Of course, the panel pondered that universal question, What would Jane Jacobs think? Would she celebrate walking through the city on the High Line? Gladwell reminded the audience of Jacobs’ mixed feelings for parks, but all three panelists guessed that she would appreciate the park as a success of adaptive reuse, a symbol of post-industrial transformation and a reminder of the inherent history of the area — even if it is a large, planned urban intervention.

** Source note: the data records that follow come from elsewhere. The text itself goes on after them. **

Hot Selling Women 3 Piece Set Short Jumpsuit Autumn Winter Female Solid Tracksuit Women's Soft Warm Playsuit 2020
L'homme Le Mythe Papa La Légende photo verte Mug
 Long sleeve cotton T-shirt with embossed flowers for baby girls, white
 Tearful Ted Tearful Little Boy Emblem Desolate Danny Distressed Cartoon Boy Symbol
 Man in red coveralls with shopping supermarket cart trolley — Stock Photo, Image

Mollenkopf’s next question — about how people use the High Line and how it has affected the neighborhood — prompted Hammond instantly to rattle off some facts: 2 million visitors per year, 15,000 visitors on a busy Saturday, 50% of people who visit are New Yorkers, 25% are from Europe and Japan. He mentioned that some businesses in the neighborhood said that the recession ended when the High Line opened. But beyond its appeal to tourists, he stressed that he sees the High Line as a neighborhood park with programs planned for the local community. Gladwell added that he includes the High Line in the wave of recent efforts to reclaim the city from the automobile, along with Hudson River Park and the 9th Avenue bike lane. And Perine pointed out the unique perspective of the city one gets while standing on the High Line, unlike any you can get from your apartment window.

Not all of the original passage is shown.